= Corporate Accountability and Public Participation Africa =

Corporate Accountability and Public Participation Africa, also known as CAPPA, is a Nigerian non-governmental organisation that advocates for corporate accountability, public participation in governance, water justice, and public health policy.

== History and advocacy ==
On 16 March 2025, CAPPA warned that handing over public water facilities like the Adiyan II Water Treatment Plant, to private entities would expose Lagosians to higher tariffs, restricted access, and corporate exploitation. After the Lagos State Government signed a Memorandum of Understanding signed with the Belstar/ENKA consortium to rehabilitate and expand the state's water infrastructure, CAPPA criticized the selection process for lack of transparency in May 2025.

CAPPA has also campaigned for a reformed mining policy to make licensing processes accessible and affordable for local communities and small-scale miners. It has also spoken against foreign miners monopolising lithium mining in Nigeria.
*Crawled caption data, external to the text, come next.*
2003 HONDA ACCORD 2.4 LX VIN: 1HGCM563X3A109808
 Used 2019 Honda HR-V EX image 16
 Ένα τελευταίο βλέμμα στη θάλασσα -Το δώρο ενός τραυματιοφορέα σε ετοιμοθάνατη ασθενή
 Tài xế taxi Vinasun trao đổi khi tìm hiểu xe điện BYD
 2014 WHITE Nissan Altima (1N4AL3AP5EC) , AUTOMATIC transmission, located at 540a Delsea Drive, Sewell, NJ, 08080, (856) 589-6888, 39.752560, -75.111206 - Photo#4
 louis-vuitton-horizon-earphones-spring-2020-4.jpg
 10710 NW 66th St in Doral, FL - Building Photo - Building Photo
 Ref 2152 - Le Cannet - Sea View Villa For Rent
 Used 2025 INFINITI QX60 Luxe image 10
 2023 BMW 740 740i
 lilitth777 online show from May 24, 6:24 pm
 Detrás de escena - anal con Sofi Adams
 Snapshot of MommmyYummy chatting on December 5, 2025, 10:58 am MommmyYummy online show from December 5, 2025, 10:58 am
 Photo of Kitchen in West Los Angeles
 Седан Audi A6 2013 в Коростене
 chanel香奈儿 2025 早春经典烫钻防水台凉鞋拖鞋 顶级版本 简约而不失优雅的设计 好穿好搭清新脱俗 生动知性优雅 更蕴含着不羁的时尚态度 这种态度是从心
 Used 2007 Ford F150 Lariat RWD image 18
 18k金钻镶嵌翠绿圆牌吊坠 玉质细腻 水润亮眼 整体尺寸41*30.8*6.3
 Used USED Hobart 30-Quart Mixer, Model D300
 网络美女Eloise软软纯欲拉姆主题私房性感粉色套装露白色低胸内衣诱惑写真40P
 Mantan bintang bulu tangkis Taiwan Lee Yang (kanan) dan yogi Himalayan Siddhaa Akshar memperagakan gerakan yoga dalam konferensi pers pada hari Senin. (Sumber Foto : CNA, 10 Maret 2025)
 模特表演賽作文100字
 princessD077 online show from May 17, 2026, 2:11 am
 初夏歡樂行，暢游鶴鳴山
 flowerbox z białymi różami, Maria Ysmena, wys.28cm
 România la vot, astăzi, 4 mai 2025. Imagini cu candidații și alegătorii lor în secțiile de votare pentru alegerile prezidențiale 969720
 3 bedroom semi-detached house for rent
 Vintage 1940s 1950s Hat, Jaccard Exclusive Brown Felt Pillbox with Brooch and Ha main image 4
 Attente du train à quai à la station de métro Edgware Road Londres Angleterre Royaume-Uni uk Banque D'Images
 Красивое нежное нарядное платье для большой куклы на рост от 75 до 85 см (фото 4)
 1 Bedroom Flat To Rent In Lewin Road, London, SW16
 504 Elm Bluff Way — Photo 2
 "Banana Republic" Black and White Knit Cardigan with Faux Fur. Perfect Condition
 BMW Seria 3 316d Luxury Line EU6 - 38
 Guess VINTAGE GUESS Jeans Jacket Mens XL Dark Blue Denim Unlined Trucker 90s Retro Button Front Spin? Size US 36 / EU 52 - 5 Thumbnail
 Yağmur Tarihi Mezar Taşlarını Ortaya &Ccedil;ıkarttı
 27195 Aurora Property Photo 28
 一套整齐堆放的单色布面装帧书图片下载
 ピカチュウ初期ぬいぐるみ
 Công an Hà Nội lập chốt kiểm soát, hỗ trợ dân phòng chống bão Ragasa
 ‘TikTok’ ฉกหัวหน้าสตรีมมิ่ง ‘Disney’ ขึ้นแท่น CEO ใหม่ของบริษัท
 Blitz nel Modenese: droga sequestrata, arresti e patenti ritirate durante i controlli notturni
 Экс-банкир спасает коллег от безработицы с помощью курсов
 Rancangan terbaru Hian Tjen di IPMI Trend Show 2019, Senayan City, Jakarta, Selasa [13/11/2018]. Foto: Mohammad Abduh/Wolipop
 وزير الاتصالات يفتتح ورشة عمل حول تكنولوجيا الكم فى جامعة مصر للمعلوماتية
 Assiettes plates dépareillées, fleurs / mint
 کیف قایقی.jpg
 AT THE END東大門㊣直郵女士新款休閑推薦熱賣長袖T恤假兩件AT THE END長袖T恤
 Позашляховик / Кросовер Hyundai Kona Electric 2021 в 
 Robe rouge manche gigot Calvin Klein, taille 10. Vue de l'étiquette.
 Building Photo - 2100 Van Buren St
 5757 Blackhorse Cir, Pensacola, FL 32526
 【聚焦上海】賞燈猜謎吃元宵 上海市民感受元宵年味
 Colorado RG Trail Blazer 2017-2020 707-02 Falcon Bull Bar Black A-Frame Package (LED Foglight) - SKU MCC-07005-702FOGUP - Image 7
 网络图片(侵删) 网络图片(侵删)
The organisation has frequently called for stiffer penalties for violations of smoking regulations for public safety. CAPPA petitioned the National Assembly on 21 January 2025 to increase the budgetary allocation for tobacco control from ₦10 million to ₦300 million in the 2025 national budget. It has also advocated for an increase in tax on sugar sweetened beverages.

CAPPA organised a journalist training in April 2024 in Lagos on salt reduction, urging implementation of mandatory salt targets and public education campaigns to lower sodium intake, which at the time averaged 5.8 grams per day and contributing to cardiovascular disease risk.